Keeping Washington State Ports Competitive
"I have met with many Port officials statewide. The Ports around the state are deeply concerned about competitive pressure arising from the Panama Canal widening, and the expansion of ports in Los Angeles, Long Beach, and in Prince Rupert in British Columbia, Canada. Ports are under immense competitive pressures to cut their rates because the shipping companies are under financial pressure as well. There are ports in Texas, South Carolina, and Virginia improving their facilities to lure the larger ships coming through the Pana Canal."
(The Panama Canal's "Third Set of Locks Project" expects double the capacity of the Panama Canal by 2014.)
"(As Governor) I will be working with our Port commissioners going forward to try to facilitate more collaboration of support, and strategic partnerships amount the ports in our state.
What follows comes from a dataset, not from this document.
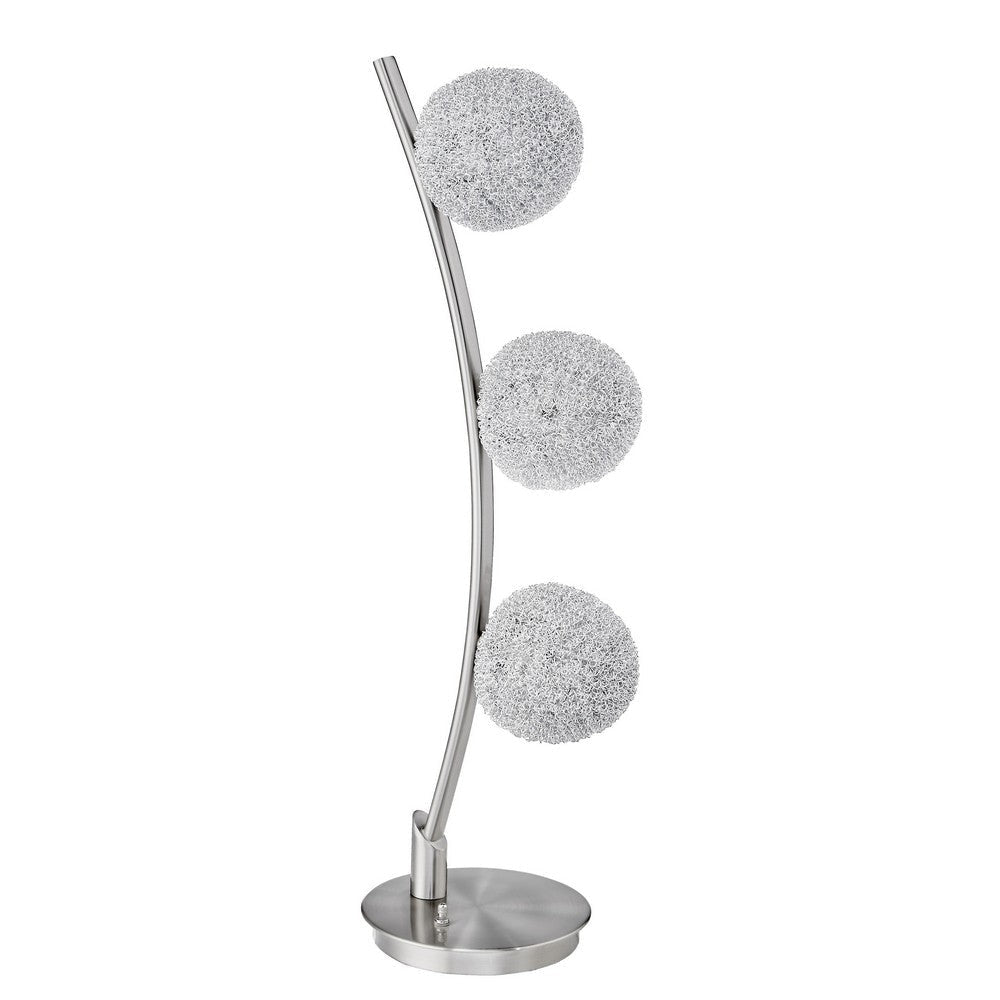 Lila 30 Inch Table Lamp Curved Stem with 3 Spheres Satin Nickel Finish By Casagear Home BM316694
Right now, they are bidding against each other, undercutting each other. We don't want the ports' pricing driven so low that they have to fall back on tax payer subsidies.
"We have many positives in Washington State. We are closer to East Asia than the southern California ports. We have good rail capacity compared to Prince Rupert. Its trains have to cross the Rocky Mountains and the Continental Divide, so they have their own challenges. There is more competition than ever, but there are also more opportunities. Markets in East and South Asia are rising."
Gateway Pacific Terminal near Bellingham
The Gateway Pacific Terminal is a proposed project at Cherry Point near Bellingham witha maximum capacity of about 54 million tons. On February 28, 2011, SSA Marine applied for state and federal permits for the $500 million terminal, triggering formal environmental review. If approved, the terminal would begin construction in early 2013 and operations in 2015, and create over 250 jobs. Environmental concerns include increased train traffic and expansion of coal as a fuel source in general.
"The proposal has a long environmental process to go through and is already controversial because of the number of additional trains that will be running on the tracks. At the same time, there are a lot of people that would love to have the hundreds of jobs produced. Some are pointing out that trains are coming anyway and that the coal will be taken up to Canada to be shipped. The question is where do the jobs go? And, can we mitigate these environmental impacts of these additional trains and other impacts?"